EXERCISE> Word for word, set down the lines from the one that holds "산청 국산바나나 유기농 바나나 1박스 1.5kg 2.5kg (화요일 순차발송)" through the final line of the listing below, and exclude every picture.

*** INPUT DATA Section Begins ***

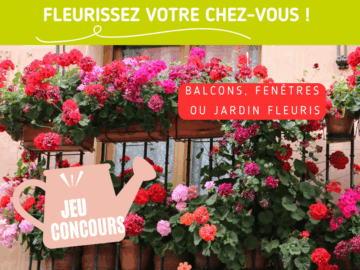 Jeu concours balcons fleuris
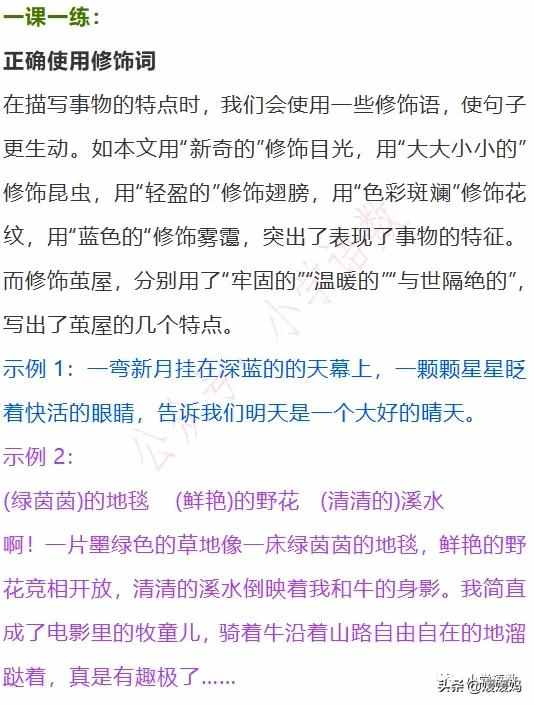 二年級下冊語文課文22《小毛蟲》圖文詳解及同步練習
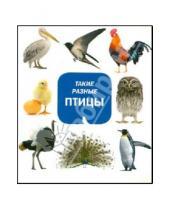 Картинка к книге ИД Мещерякова - Такие разные птицы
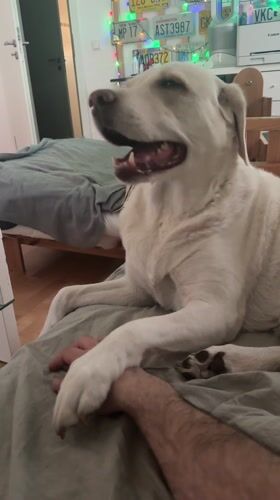 Dog holds person's hand on bed in Munich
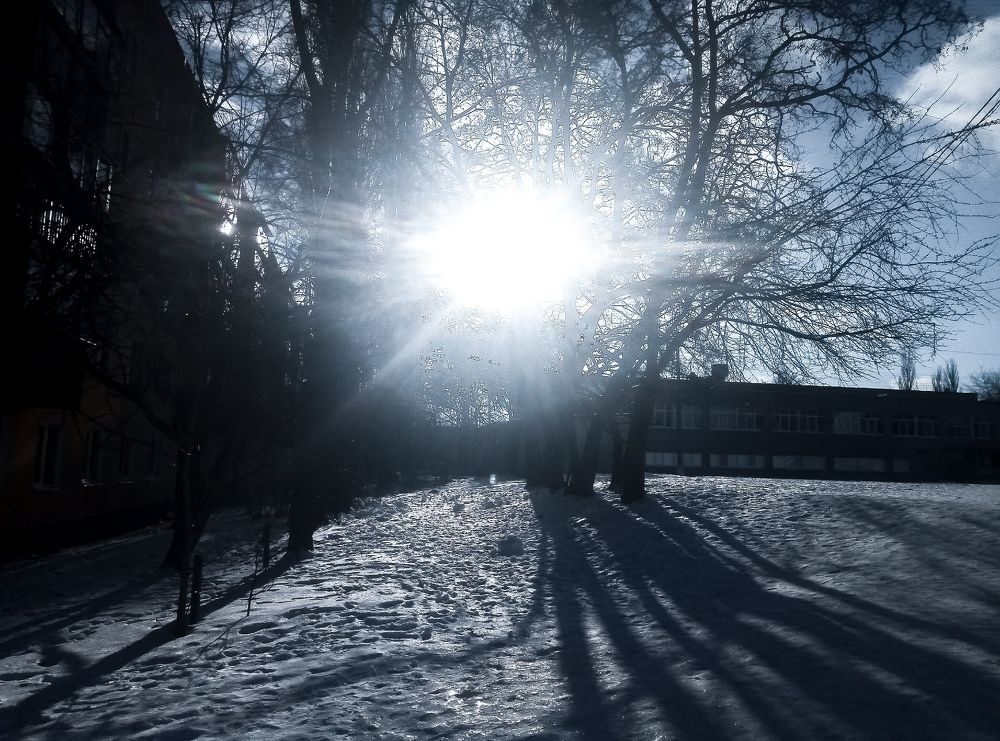 Photograph by Ольга Истомина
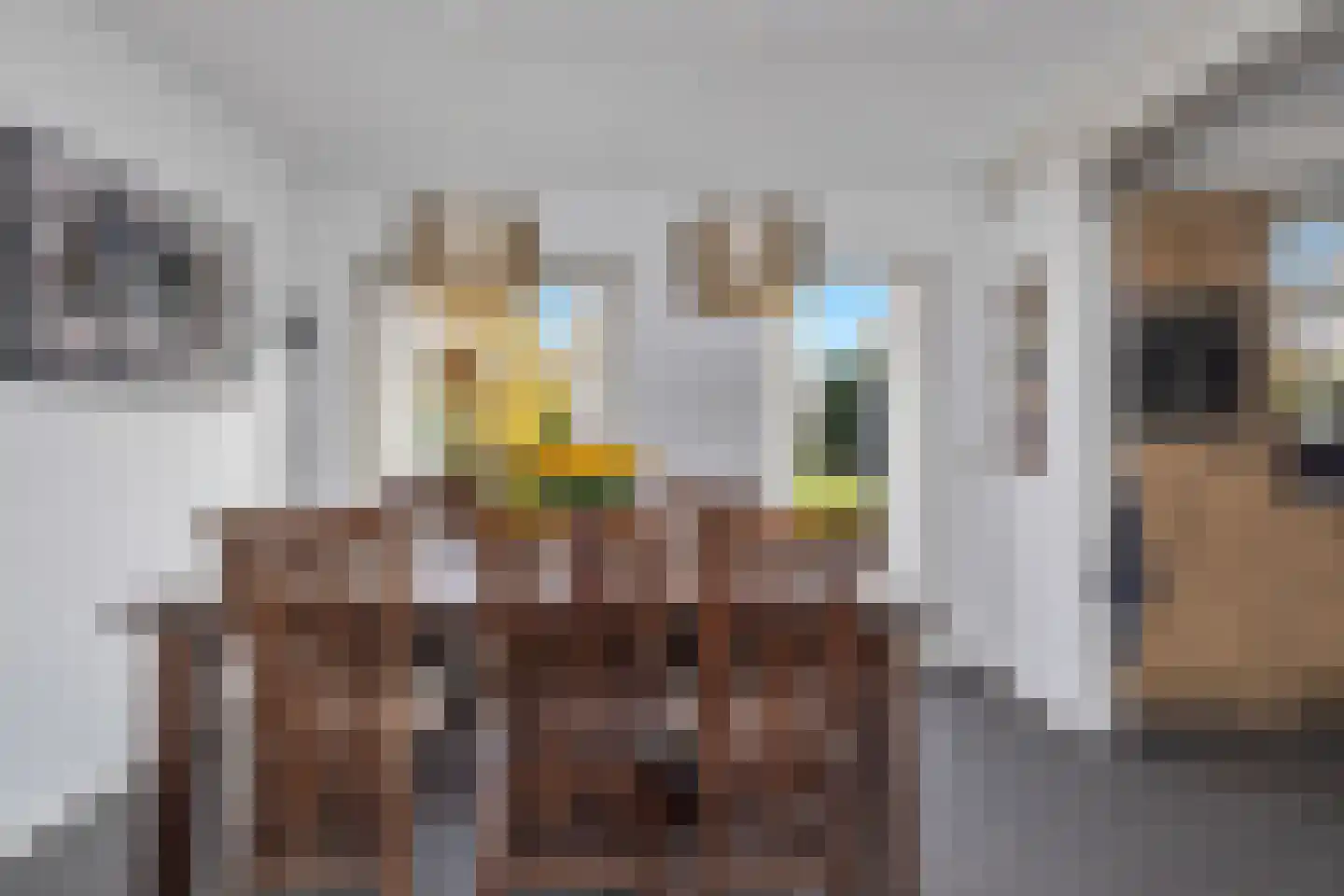 Velgert 1 Oeffelt thumbnail 25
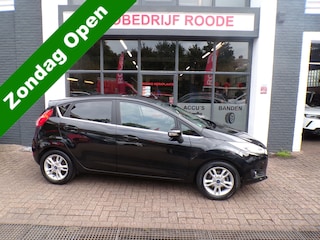 Ford Fiesta 1.0 5-Drs EcoBoost Black Titanium VEEL EXTRA'S,GOED ONDERHOUDEN!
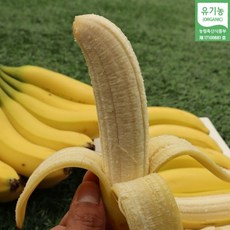 산청 국산바나나 유기농 바나나 1박스 1.5kg 2.5kg (화요일 순차발송)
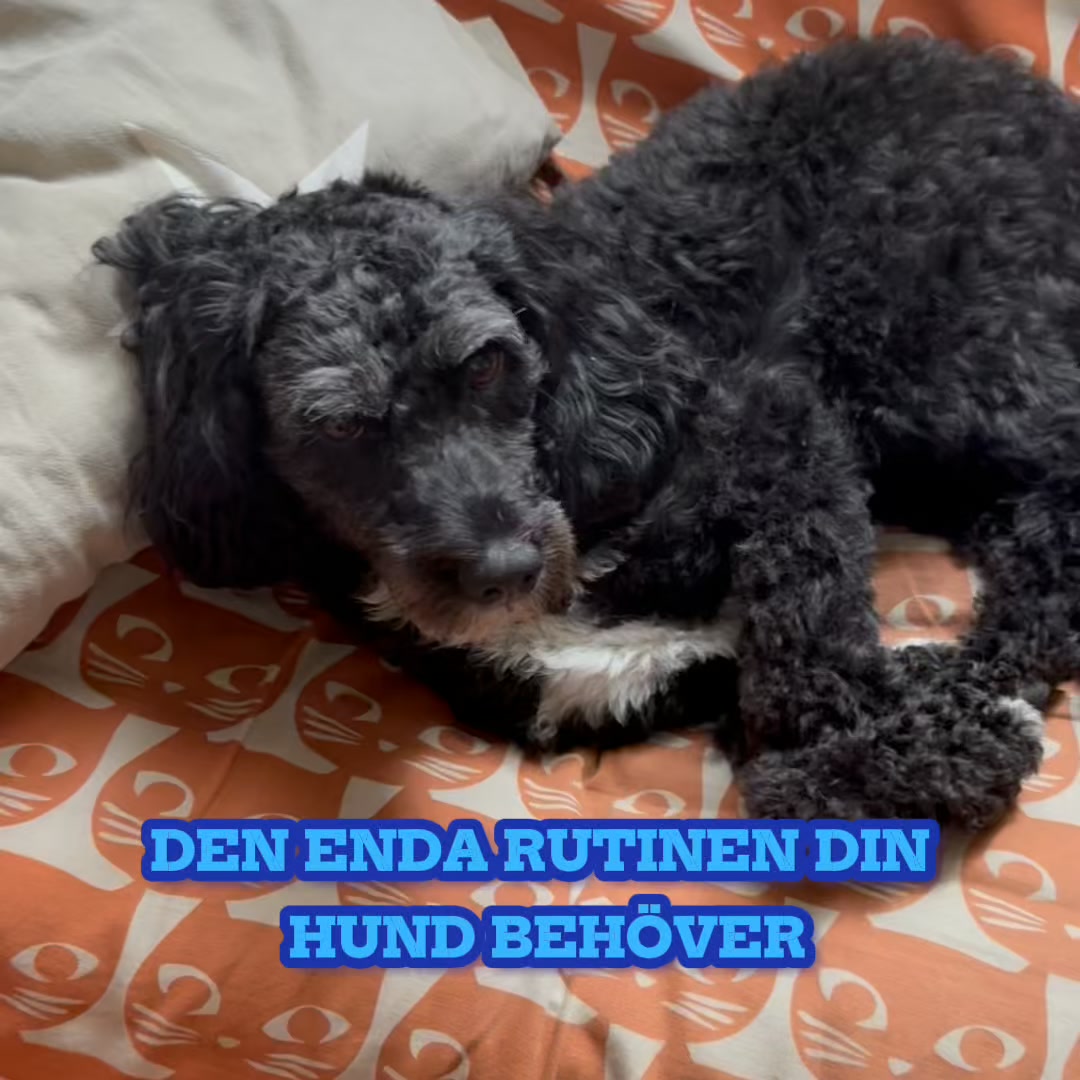 Stoppa din hunds klåda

*** INPUT DATA Section Ends ***

ANSWER TO THIS TASK>
 산청 국산바나나 유기농 바나나 1박스 1.5kg 2.5kg (화요일 순차발송)
 Stoppa din hunds klåda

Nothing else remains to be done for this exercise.